カフェで起業して10年続けられる人の仕事観

「基本」を進化させ、お客を裏切らない

カフェドマルの店内(写真提供:カフェドマル)

大切にしてきたキーワードに「基本」「縁」「本気度」がある。

たとえば「基本」となるコーヒーの味では、地元で長年続く焙煎業者から豆を仕入れ、挽きたてと淹れたてを提供する。「縁」では、知り合った人と連携した「ギャラリー展」や「ママの日」などのイベントを行い、地元新聞社と連携したカルチャー教室も開催する。「本気度」では、ホットメニューは、品格のあるカップを温めて提供。顧客層の女性を意識して、開業当初からノンカフェイン紅茶を用意。店に置く雑誌は、女性向けを多く取りそろえた。
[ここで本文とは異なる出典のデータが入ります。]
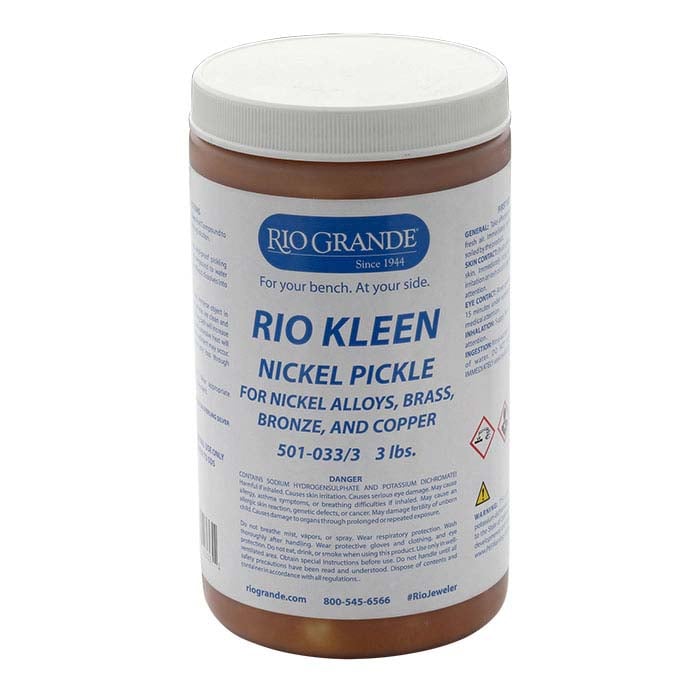 Rio Kleen™ Pickle for Nickel, Brass and Bronze RioGrande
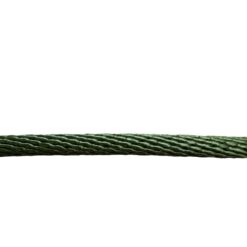 rs olive spiral braided polypropylene rope 1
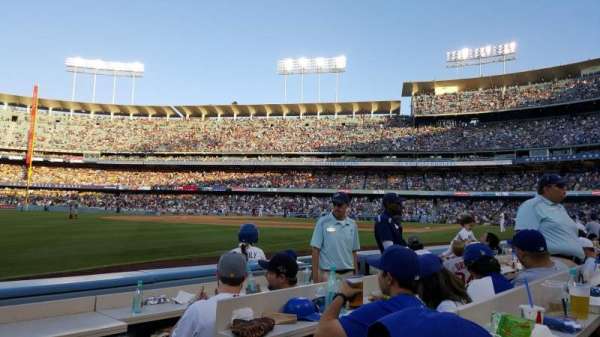 Dodger Stadium, section: 33BL, row: 3, seat: 4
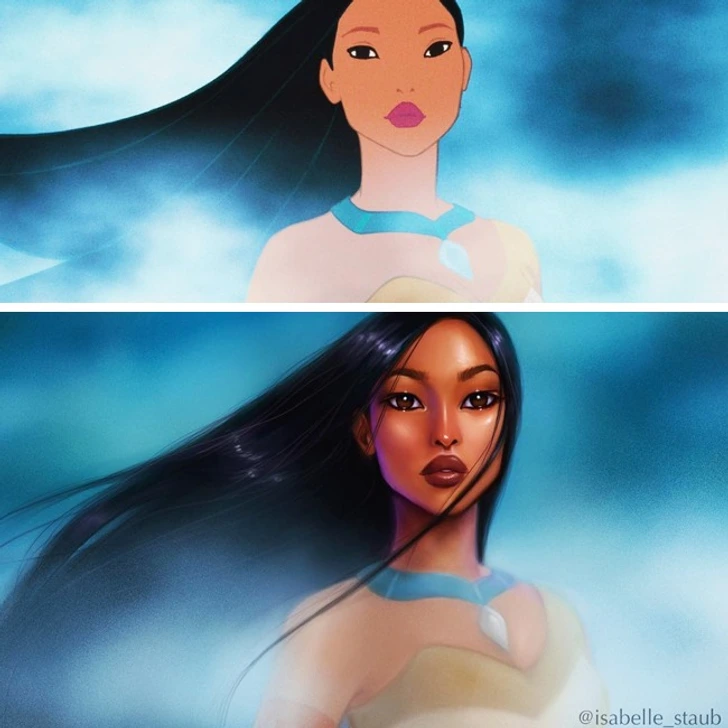 پوکاهانتس، پوکاهانتس (1995)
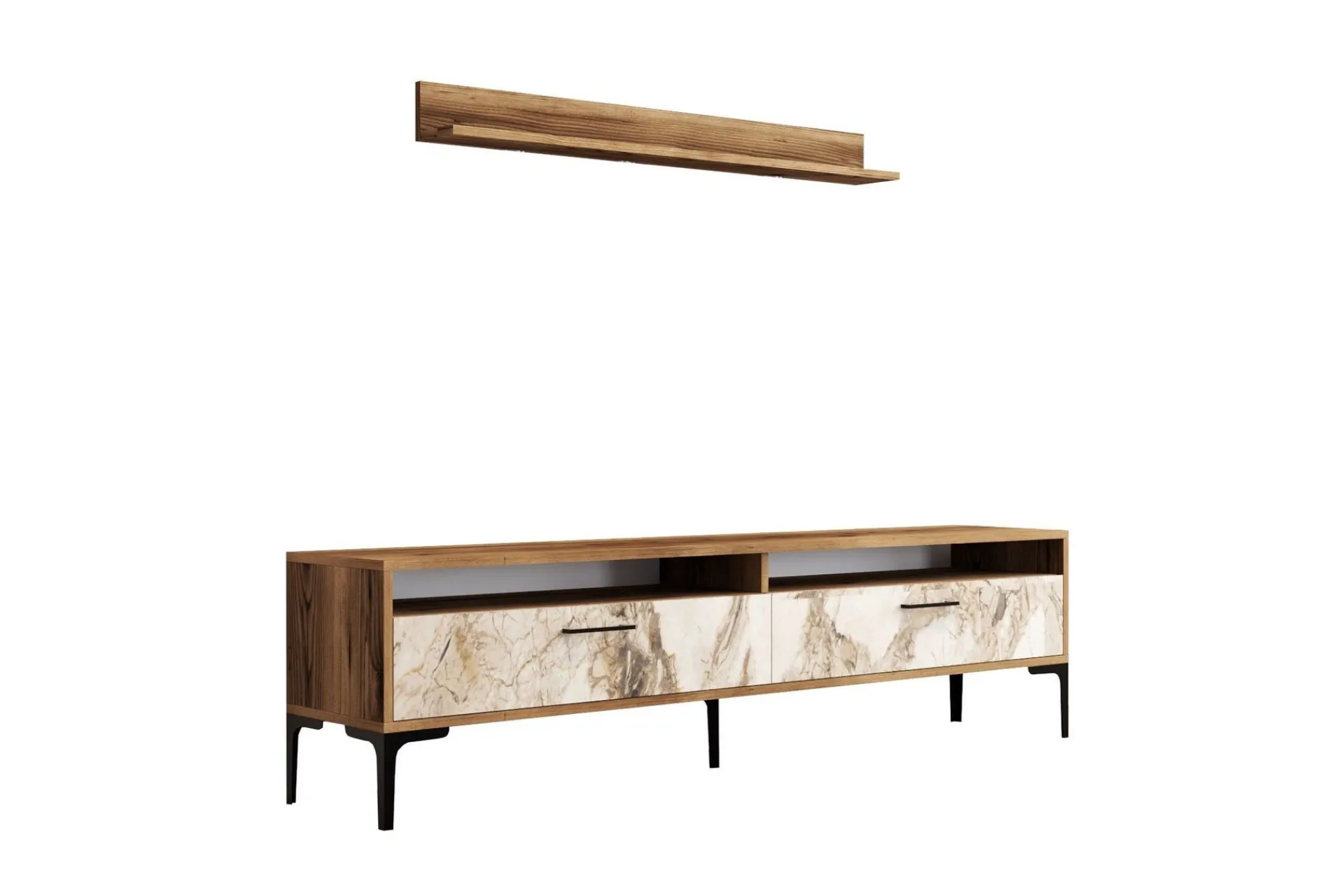 Andifli Tv-møbelsett 50x15 cm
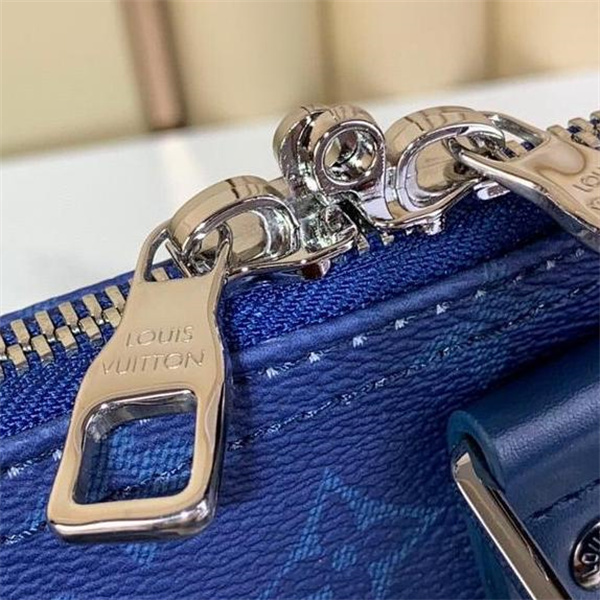 LOUISVUITTON スーパーコピー ボストンバッグ ブルー グラデーション モノグラム ルイヴィトン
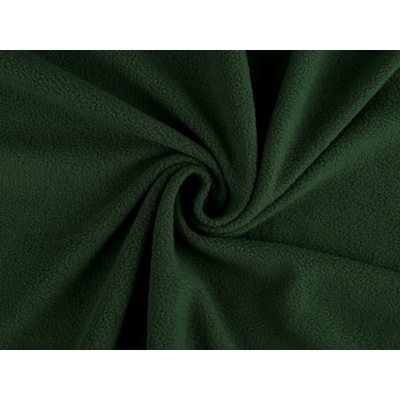 Polar fleece Varianta: 8 (14)(170 g/m²) zelená tmavá, Balení: 1 m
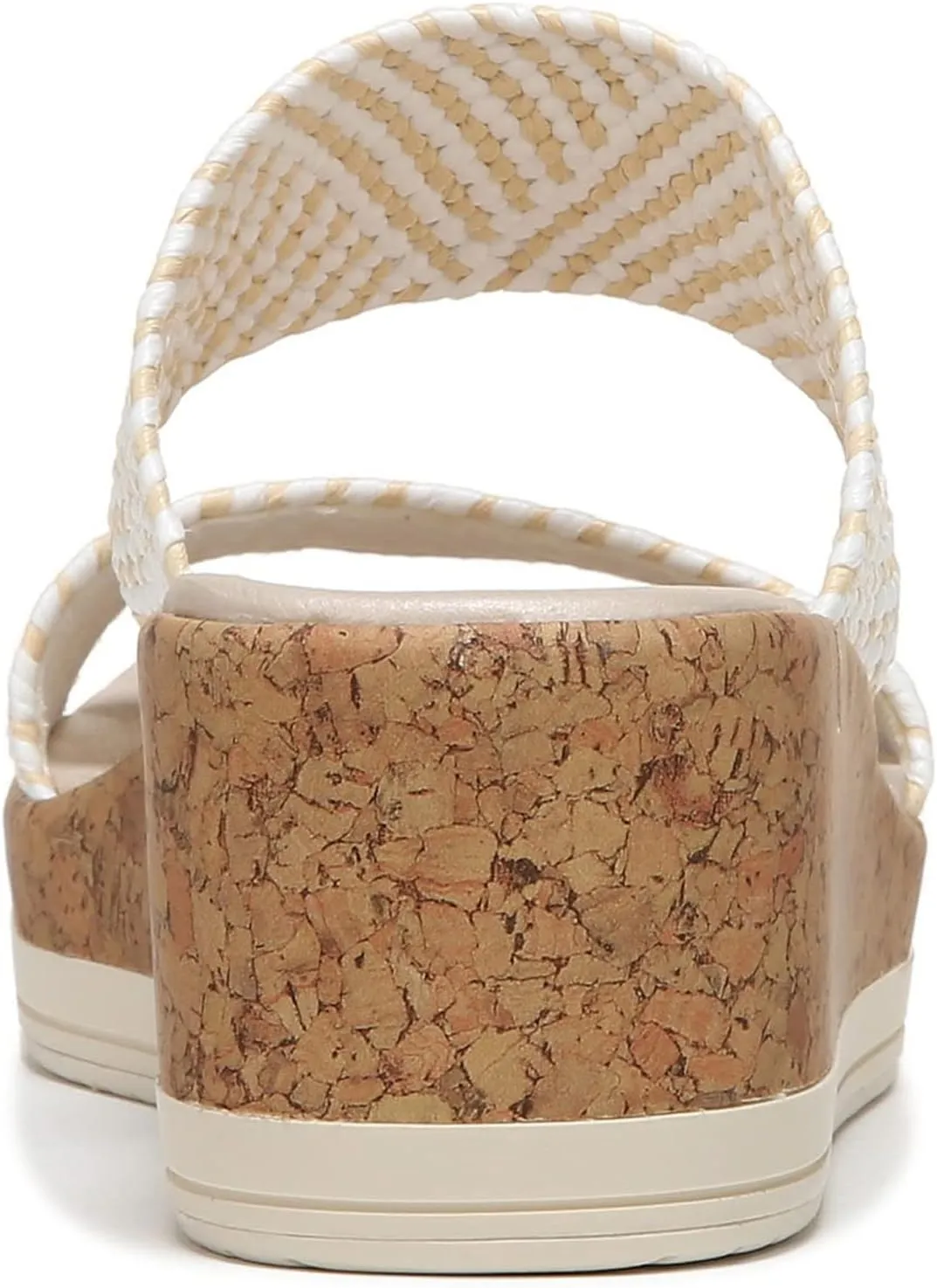 BZees Women's Resort Cork Wedge Strappy Sandal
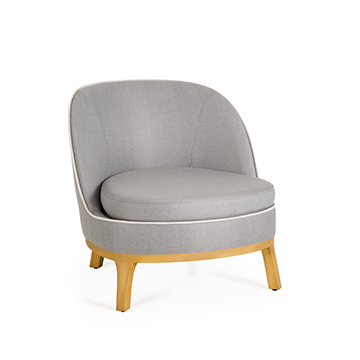 Lapis Armchair by Sandalyeci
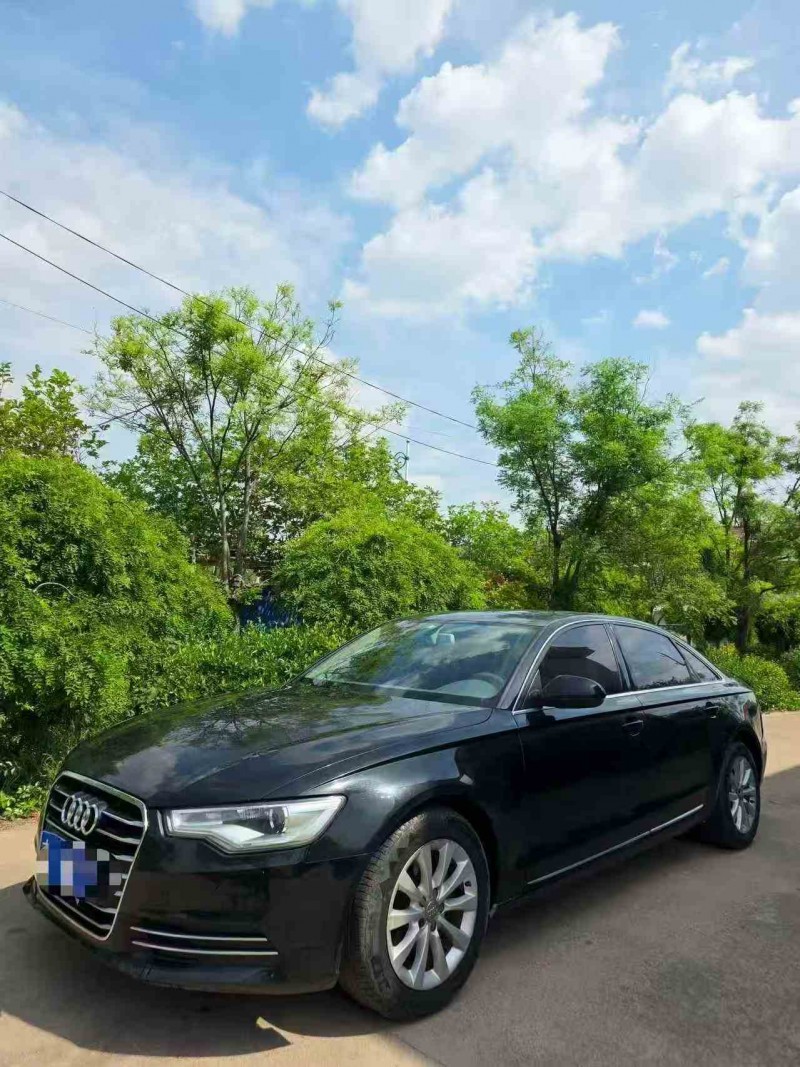 潍坊14年奥迪A6L3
店のコンセプトは、満留氏自身の体験もある。実は前職は、みずほ銀行(入行当時は富士銀行)の銀行員で、窓口業務で接客を学んだという。社内表彰「みずほアウォード」も受賞した行員だったが、体調を崩して療養した末に退職。病院通院中に立ち寄ったコーヒー店の味に魅了され、「好きだった接客がコーヒーを通じてできる」カフェの起業を決意した。

店の開業資金は自己資金と、国民生活金融公庫の借り入れを活用した。「女性は金利優遇制度があったので、借り入れを決めました」(同)。このあたりの知見は金融出身者らしい。

「営業日誌」は大切な相棒

銀行員時代に毎日「営業日誌」を書いてきた満留氏は、カフェ店主の今も書き続ける。理由は「その日の出来事、店での会話、お客さまの情報を正確に記憶したいから」だという。

提供するカップにもこだわる(写真提供:カフェドマル)

「小さな会話の積み重ねから、その人を知ります。たとえば『4月にフルートのコンサートをします。今日は練習で疲れて、ゆっくりしに来ました』と伺えば、日誌の4月欄に記入。それ以降に来店されれば、『コンサートはいかがでしたか?』と会話できるからです」

常連客にとっては、深く立ち入られたくないが、自分の存在は知ってほしい(心理学における「承認欲求」)。会話の潤滑油としても、メニューの見直しでも日誌を活用する。

「今年、コーヒーメニューを一部入れ替えました。最近はマンデリンより、アメリカンの注文が増えていたのですが、この決断にも日誌が役立ちました。1人で店を切り盛りする私にとって、過去の出来事や昔の自分とも向き合える営業日誌は、相棒のような存在です」

開業前に本などで「カフェは利益が出にくい」と学んでいた満留氏。「女性が郊外で、中途半端な店を開業しても生き残れない」と考えてコンセプトを重視。イベントでも集客する。